Here is the url for the code.
This report presents an analysis for the recent 5 years data of 10 companies, Apple, Amazon, Bank of America, Facebook, Google, IBM, JP Morgan, Microsoft, Target and Walmart. Also, Monthly closing price from November 11, 2013 to November 11, 2018 are used to compute monthly returns of each company for the further analysis. The report contains 5 statistical analysis parts separated by the topics and a data description part. Main results are shown below:
  • Overall, due to the stock market selloff during 2015-2016, all the stocks did not perform well in 2015 and 2016. In addition, among these ten stocks, there are three stocks, Apple, Facebook, and Target are seemly normally distributed, and Amazon is the most risky stock.
  • Microsoft and Amazon are most highly correlated with the value of 0.983 while Facebook and IBM are least correlated with the value of -0.577. The diversification will benefit more when the assets have a lower correlation value.
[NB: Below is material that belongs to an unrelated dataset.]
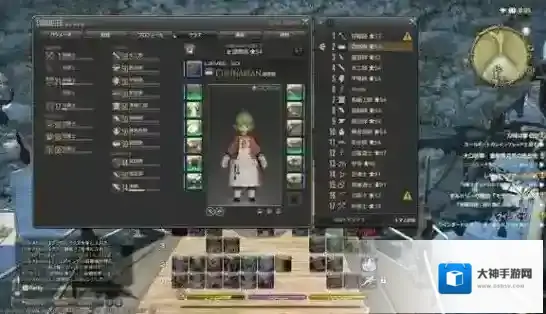 ff14玩家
Principal component analysis demonstrates that the first three components can represent the distribution of data and variation of the stock price, explaining 93.5% of the variance of data.
  • Among the 4 copulas(normal, t, Clayton, Gumbel), t copula fits the data best since it has the smallest AIC value. Normal copula is similar to t copula and performs relatively well also because the estimate v of t copula is large.
  • the minimum variance portfolio of 10 assets has monthly mean of 0.00918 and standard deviation of 0.00084, with the weight of 0.060,-0.080,-0.176,0.169,0.173,0.100,0.454,-0.011,0.047 and 0.265 respectively(alphabetical order). Each individual assets has a sharp ratio under 1. Therefore, a tangency portfolio is constructed with a sharpe ratio of 0.376, better than the individual asset.
  • An efficient portfolio which can achieve 6% expected return per year with only risky assets and no short sales consists 9.5% of Facebook, 7.4% of Google, 31.2% of IBM, 10.1% of JP Morgan, 9.3 of Target and 32.5% of Walmart. Combining the efficient portfolio with other conditions remaining the same, a new portfolio is created consisting of 92.3% of T-bills, 2.4% of Facebook, 0.5% of Apple, 1.5% of Amazon, 1.7% of JP Morgan, 1.5% of Microsoft and 0.1% of Walmart. The 5% value at risk for both portfolios are the same because T-bills are risk free and hence will not cause any loss in the extreme event.
  • There are two ways to estimate 5% value at risk(VaR) and expected shortfall(ES). For the parametric method, Amazon has the highest 5% VaR and ES, while JP Morgan has the lowest value for both. For the nonparametric method, Bank of America has the highest VaR and Google has the lowest. Also, IBM has the highest ES and Google has the lowest ES.

Descriptive Statistics

We have chosen ten assets and computed the sample statistics for monthly returns based on a five year period(2013/11 to 2018/11). From the sample statistics table for returns, it can be seen that IBM has a negative average of returns. The firm does not perform very well since 2016, which can be verified on the monthly price and return plot and also on the news. Part of the reasons can be that IBM is shifting away from its legacy software business towards cloud computing.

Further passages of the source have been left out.